EXERCISE ▸ Beginning at the line that contains "Which directly", repeat each line exactly through the last one of the records below, and leave out the pictures.
====== INPUT MATERIAL ======
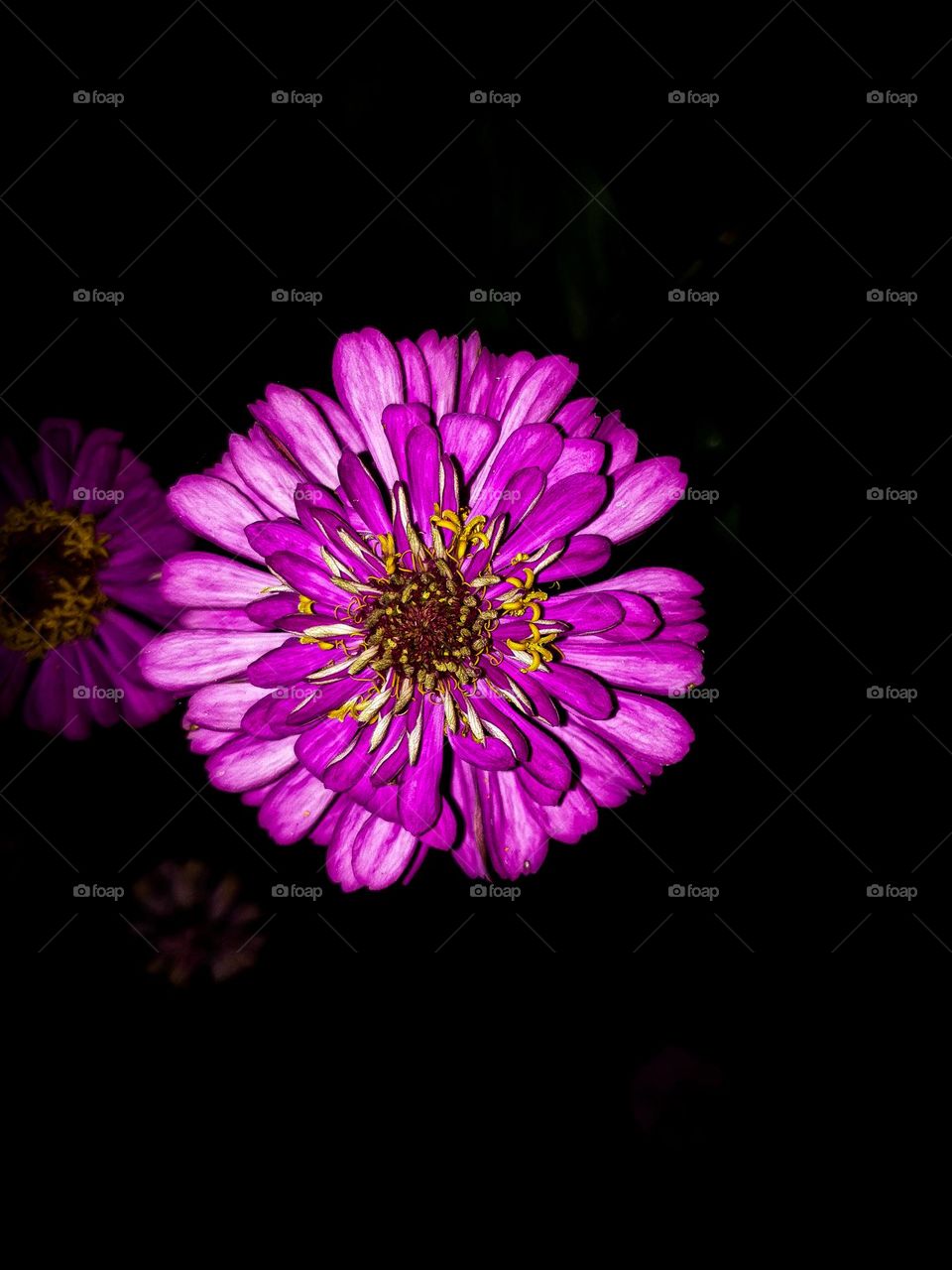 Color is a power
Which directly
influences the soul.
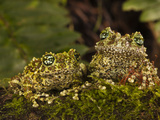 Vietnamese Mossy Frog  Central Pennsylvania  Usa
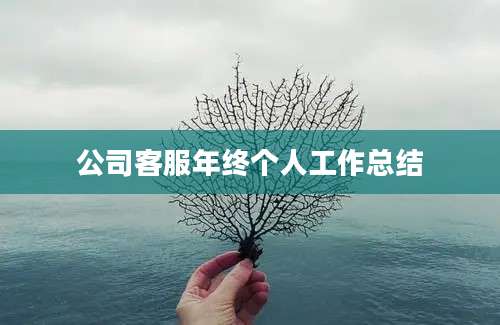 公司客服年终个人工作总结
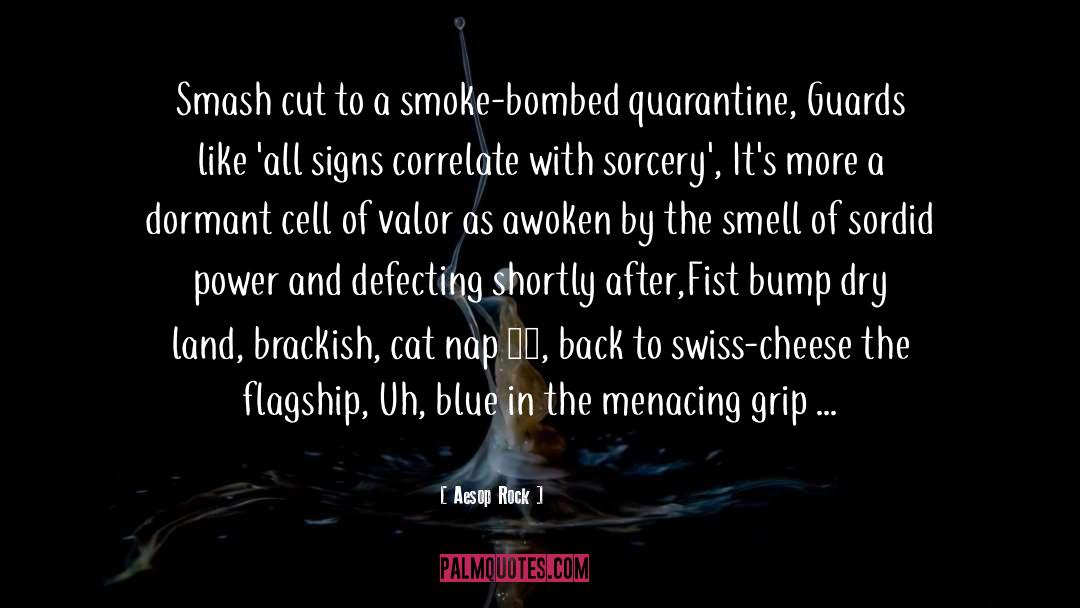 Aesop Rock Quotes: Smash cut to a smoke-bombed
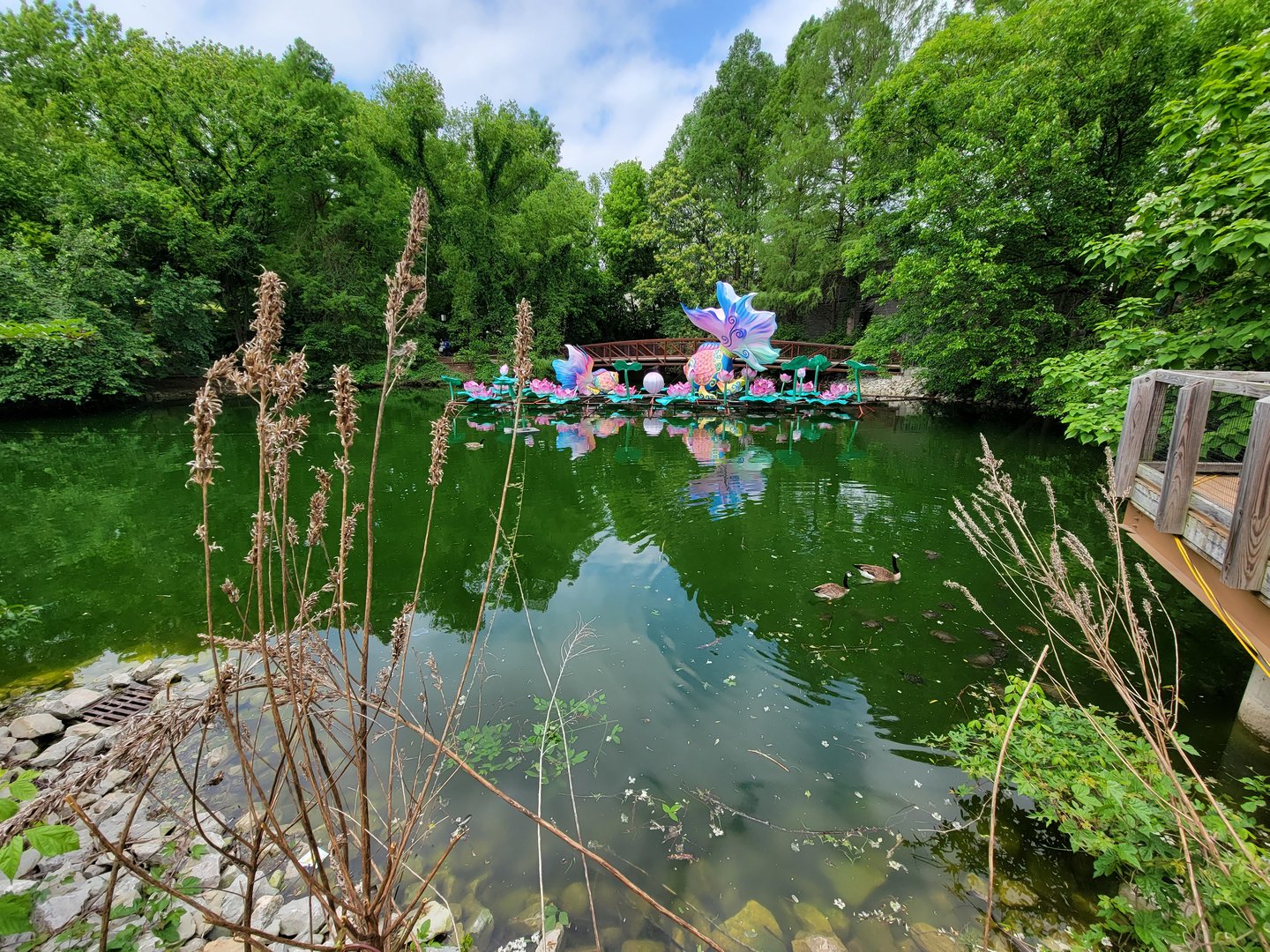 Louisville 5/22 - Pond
======
SOLUTION FOR THIS EXERCISE ▸
Which directly
influences the soul.
 Vietnamese Mossy Frog  Central Pennsylvania  Usa
 公司客服年终个人工作总结
 Aesop Rock Quotes: Smash cut to a smoke-bombed
 Louisville 5/22 - Pond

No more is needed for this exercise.